StAR-related lipid transfer protein 5 is a protein that in humans is encoded by the STARD5 gene.  The protein is a 213 amino acids long, consisting almost entirely of a StAR-related transfer (START) domain.  It is also part of the StarD4 subfamily of START domain proteins, sharing 34% sequence identity with STARD4.

Function 

The protein is most prevalent in the kidney and the liver where it is found in Kupffer cells. STARD5 binds both cholesterol and 25-hydroxycholesterol and appears to function to redistribute cholesterol to the endoplasmic reticulum with which the protein associates and/or the plasma membrane.  Increased levels of StarD5 increase free cholesterol in the cell.

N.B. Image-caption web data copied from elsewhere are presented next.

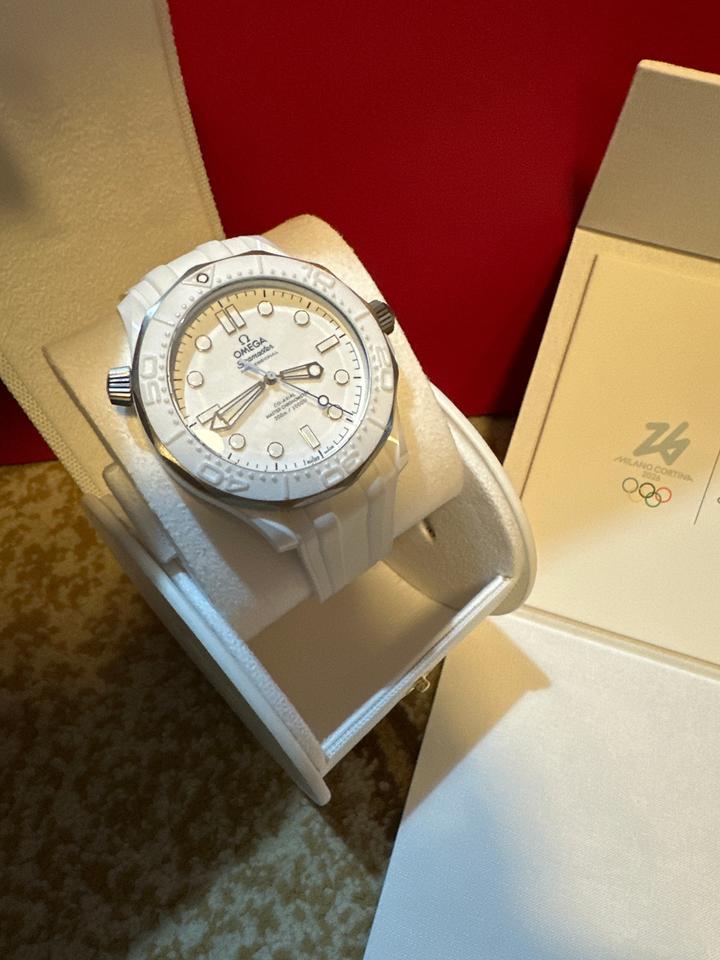 Omega Seamaster Diver 300 MMilano Cortina 2026 White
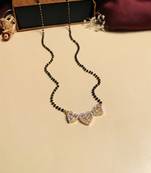 Latest gold plated american diamond mangalsutra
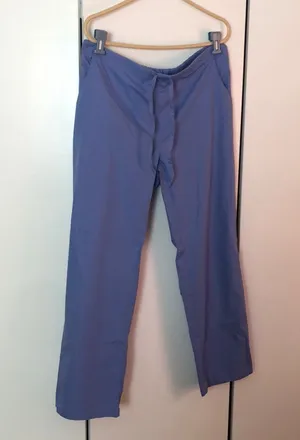 Cherokee Dickies Women’s Blue Color Large Scrub Pants thumbnail 1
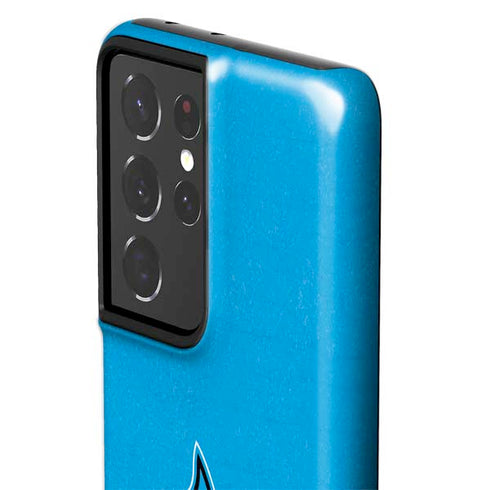 MLB Miami Marlins Solid Distressed Galaxy S21 Ultra 5G Pro Case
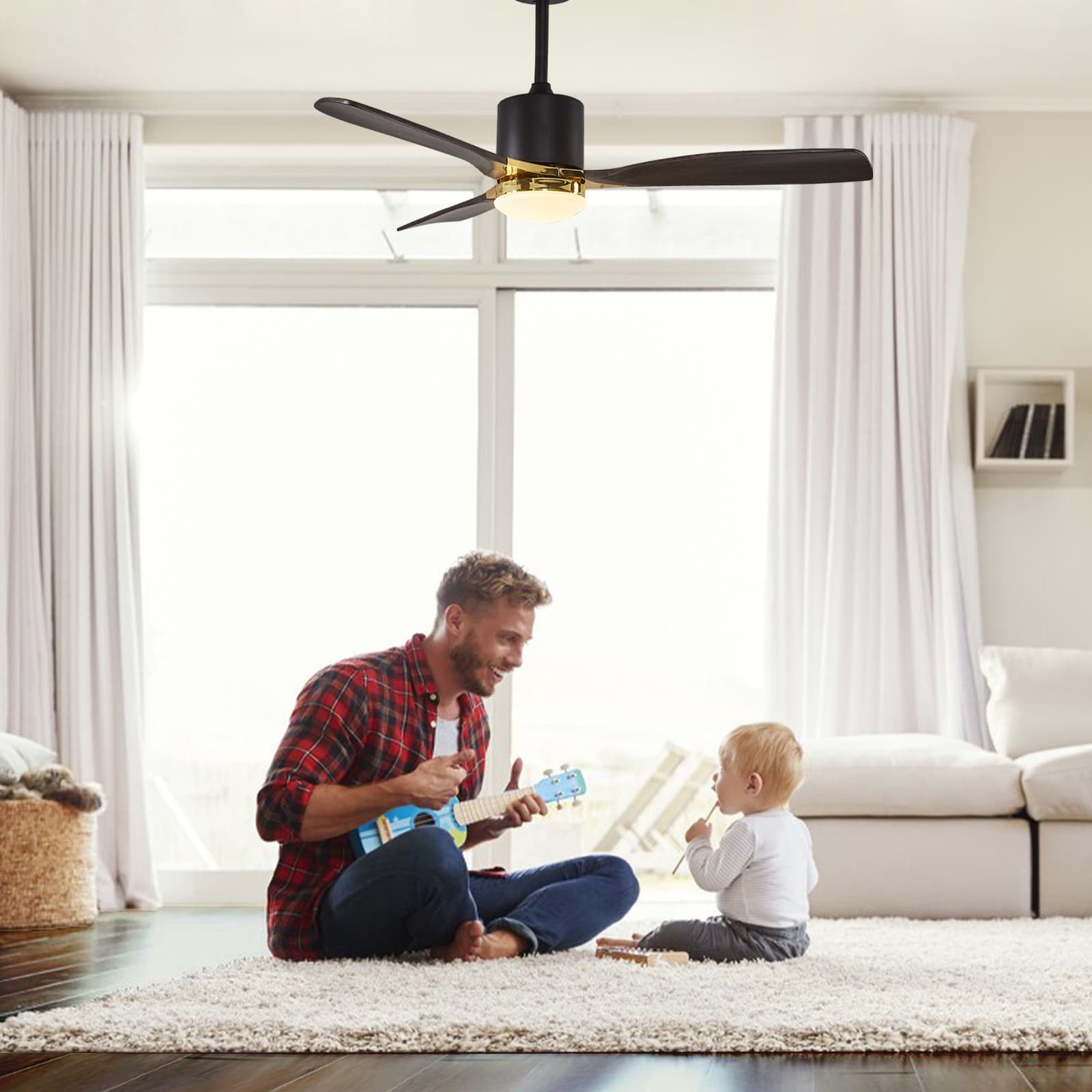 ExBrite LW11FL5203DKBNXXX Ceiling-Fans - View #6
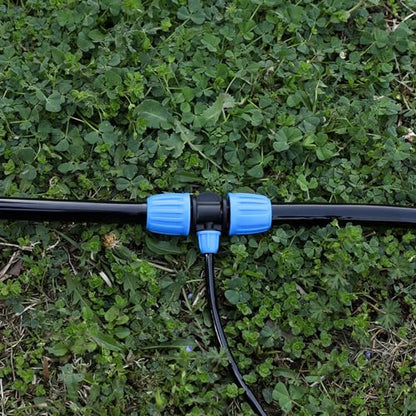 10 Pcs 1/2 to 1/4 inch Garden Hose Tubing Irrigation Fittings - size: 10 PCS 1/2" to 1/4" 3-Nut Way
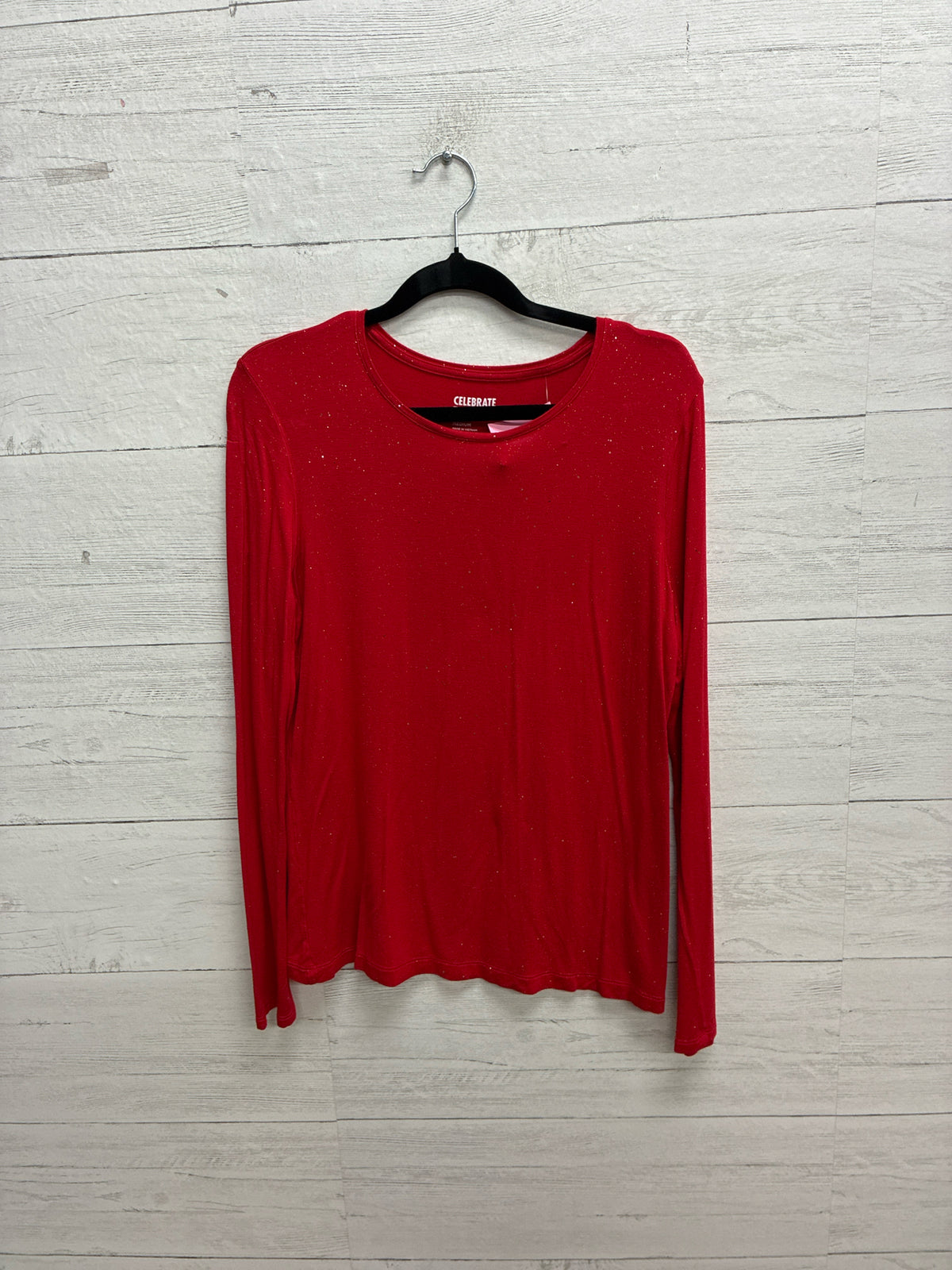Size M Celebrate Together Red Womens Shirt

Cholesterol homeostasis is regulated, at least in part, by sterol regulatory element (SRE)-binding proteins (e.g., SREBP1) and by liver X receptors (e.g., LXRA). Upon sterol depletion, LXRs are inactive and SREBPs are cleaved, after which they bind promoter SREs and activate genes involved in cholesterol biosynthesis and uptake. Sterol transport is mediated by vesicles or by soluble protein carriers, such as steroidogenic acute regulatory protein (STAR). STAR is homologous to a family of proteins containing a 200- to 210-amino acid STAR-related lipid transfer (START) domain, including STARD5.

Model organisms 

Model organisms have been used in the study of STARD5 function. A conditional knockout mouse line, called Stard5tm1a(KOMP)Wtsi was generated as part of the International Knockout Mouse Consortium program — a high-throughput mutagenesis project to generate and distribute animal models of disease to interested scientists.

Male and female animals underwent a standardized phenotypic screen to determine the effects of deletion. Twenty four tests were carried out on homozygous mutant mice and one significant abnormality was observed: abnormal vertebral transverse processes.